Saturday, June 25, 2011

Hindsight only sometimes 20/20

A common expression is that hindsight is 20/20 - we can look back and clearly see our errors and how we might have avoided issues.  That's true for some situations, but not all. 

Looking back over the past 15 years during which Al & I have had some kind of relationship, I don't know what I should have / could have / would have done differently.  Would I have hooked up with him?  Would I have been the instigator to buy a home (and then another), to merge our investments and assets?  Would I have distanced myself from him long ago, at the first hint of a problem?  Would I have tried to provide more support?  Less support? 

None of the questions have obvious answers.  The one thing that I can say for certain, though, is that if I could do it all over again, I wouldn't be so Al-focused.  Instead, I'd be more me-focused. 

It's difficult for me to accept that I can't stop Al from drinking.  I can't cure his depression.  I can't get him a job.  I can't make friends for him.  As much as I'd like to, I can't do any of those things.  What I can do is take care of myself.  Historically, I've been very good about taking care of my external needs - food (too much!), shelter, clothing.  I've not been nearly as good at looking inside. 

Overall, I've been rather dismissive of such pursuits, not wanting to partake in navel contemplating.
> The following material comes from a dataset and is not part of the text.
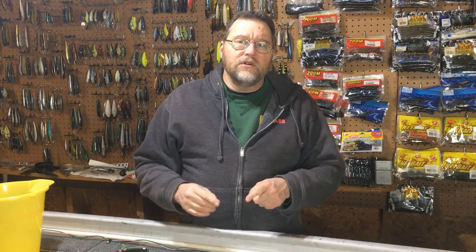Hi everybody, I'm Den Herring and welcome back to my channel Fish Den 365 and welcome back to Topwater Tuesday. Today it's the sensational River to Sea Whopper Plopper.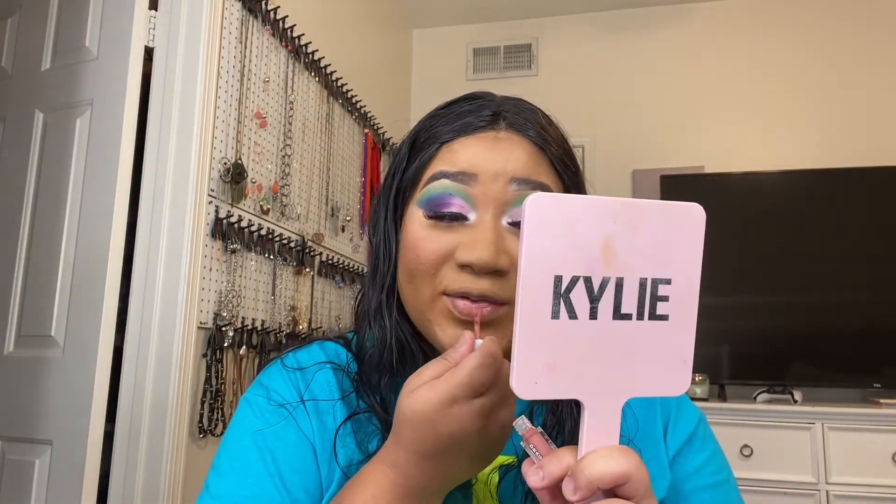We're going to put on the lighter one first — Bad B. I know it's going to be bomb because the other ones are fire. Oh, I like this, this is pretty! It's a little more mauve-y, like a mauve-y dusty rose. And I could just throw these little minis in my purse instead of always carrying the big ones — that's the best part.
But I was wrong on that count.  I should have been looking inside - not just over the last 15 years, but my whole life.  This is a practice that shouldn't be limited to addiction and those of us struggling with it and its related effects.  90% of my short daily readings are unrelated to addiction, but instead are related to my life and my personal power to influence ourselves, my outlook, my own inner peace, my ability to address personal challenges.  The readings aren't how to influence others.  While there may be a possible and indirect influence on others, it's not expected or required.

I'm grateful that through a difficult situation, I've been blessed with learning about myself and my abilities in a way I would have never considered.